— DESCRIPTION OF THE TASK —
Retype each line of the material exactly, please, skipping any picture in it.

— RECORDS SUPPLIED —
——

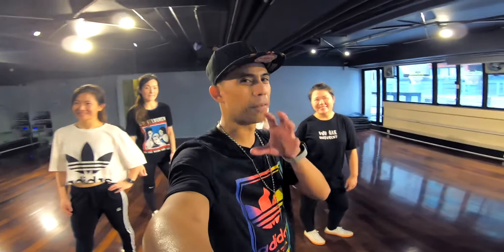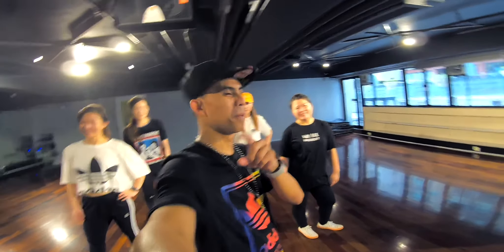Thank you so much guys for watching. Hope you liked that video, and please don't forget to subscribe to my channel. We'll see you soon, bye bye.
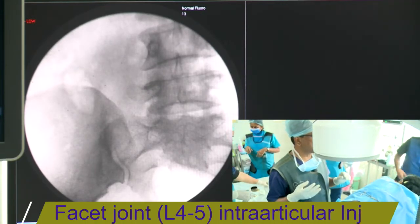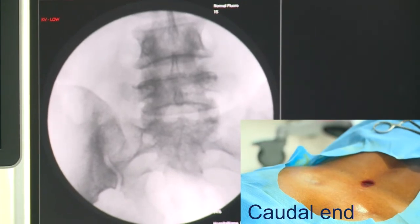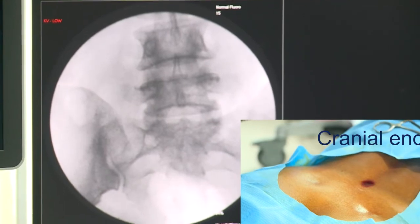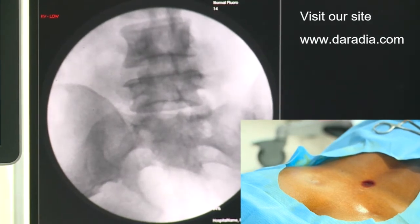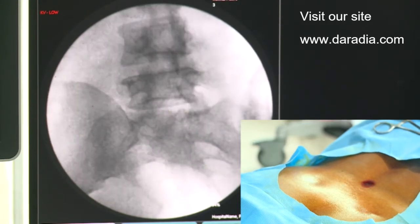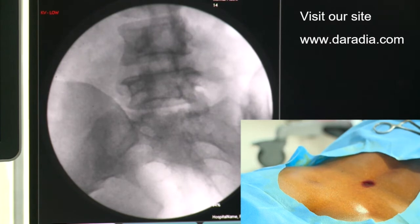First is true AP, next is inflate parallel, next is ipsilateral oblique and the facet joint will be opening up and you will be able to see the Scottish dog image. So now you can see the Scottish dog image. The facet joint is gradually opening up at the level of L4-5.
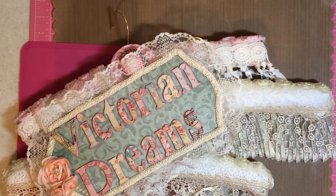Hi everyone, this is Victorian Dreams by Leigh, and it's me, Leigh, and my hubby's here. So, it's giveaway time.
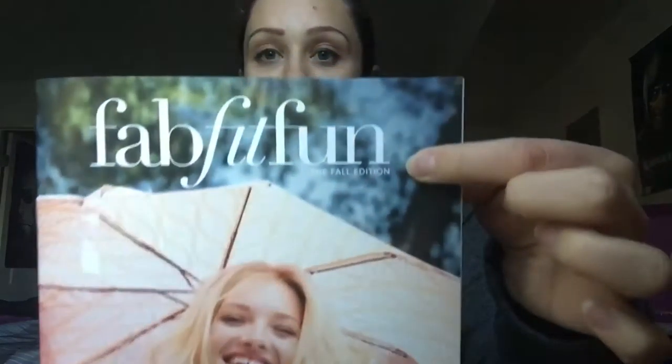We have our beautiful box. First thing in here is this FabFitFun pamphlet, and I think it talks about the products in here, so I'll hold off on this until the end. For anybody that doesn't know, FabFitFun is a seasonal box, so they come out with spring, summer, fall, and winter edition boxes. This one happens to be the fall box.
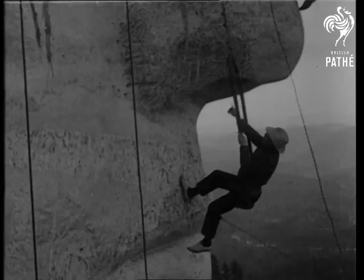The mountain is about 40 million years old, and the surface is worn away less than an inch each year, so that this great monument will last through the ages. An inspiring tribute to America's immortals.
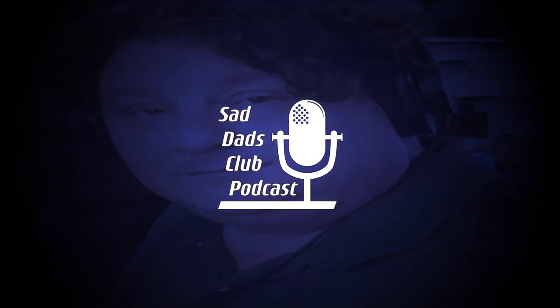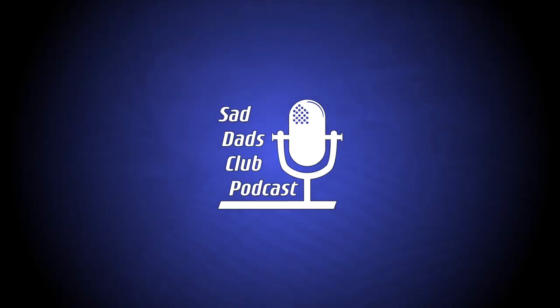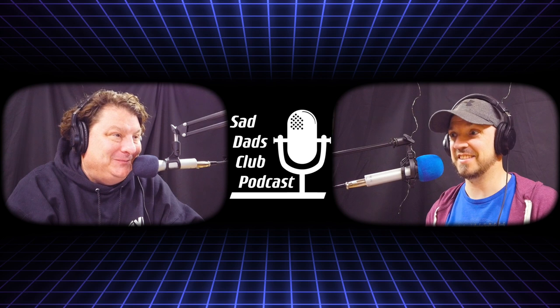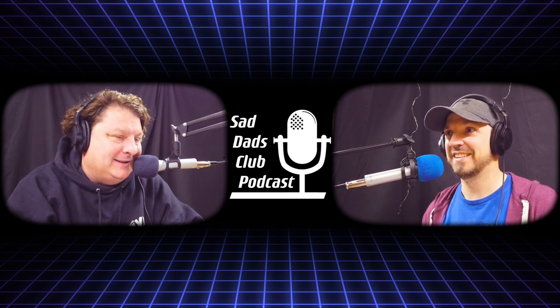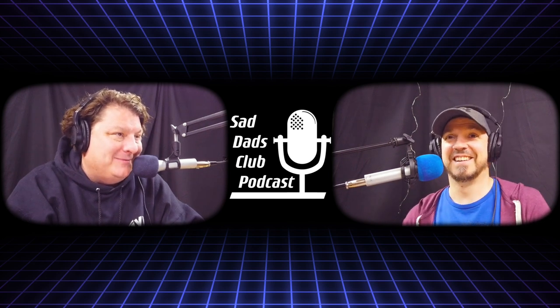Welcome to the Sad Dad's Club Podcast. Here's your host Jim and Foo and Terry. It's episode 80. Welcome to the Sad Dad's Club Podcast. I'm the Lord Foo, and I'm Jim, and we are here for you. We're really here for anybody — yeah, but if you're listening, we're here for you.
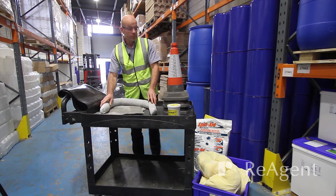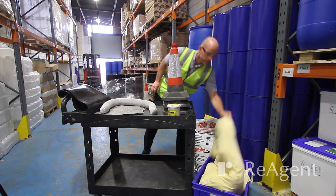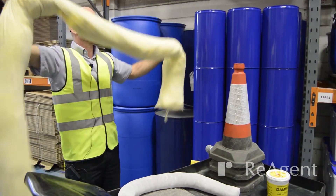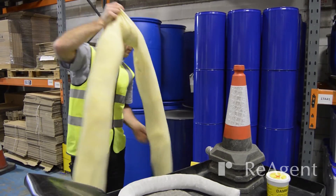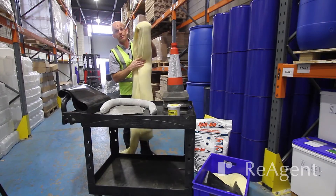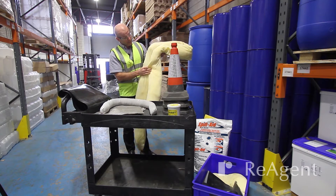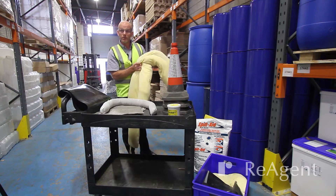We also have these very large sausage-type booms, about three meters long. We've got about six of these, which can be wrapped around a much larger spill. These are very absorbent and will take up a lot of liquid.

——

— WRITTEN ANSWER —
Thank you so much guys for watching. Hope you liked that video, and please don't forget to subscribe to my channel. We'll see you soon, bye bye.
First is true AP, next is inflate parallel, next is ipsilateral oblique and the facet joint will be opening up and you will be able to see the Scottish dog image. So now you can see the Scottish dog image. The facet joint is gradually opening up at the level of L4-5.
Hi everyone, this is Victorian Dreams by Leigh, and it's me, Leigh, and my hubby's here. So, it's giveaway time.
We have our beautiful box. First thing in here is this FabFitFun pamphlet, and I think it talks about the products in here, so I'll hold off on this until the end. For anybody that doesn't know, FabFitFun is a seasonal box, so they come out with spring, summer, fall, and winter edition boxes. This one happens to be the fall box.
The mountain is about 40 million years old, and the surface is worn away less than an inch each year, so that this great monument will last through the ages. An inspiring tribute to America's immortals.
Welcome to the Sad Dad's Club Podcast. Here's your host Jim and Foo and Terry. It's episode 80. Welcome to the Sad Dad's Club Podcast. I'm the Lord Foo, and I'm Jim, and we are here for you. We're really here for anybody — yeah, but if you're listening, we're here for you.
We also have these very large sausage-type booms, about three meters long. We've got about six of these, which can be wrapped around a much larger spill. These are very absorbent and will take up a lot of liquid.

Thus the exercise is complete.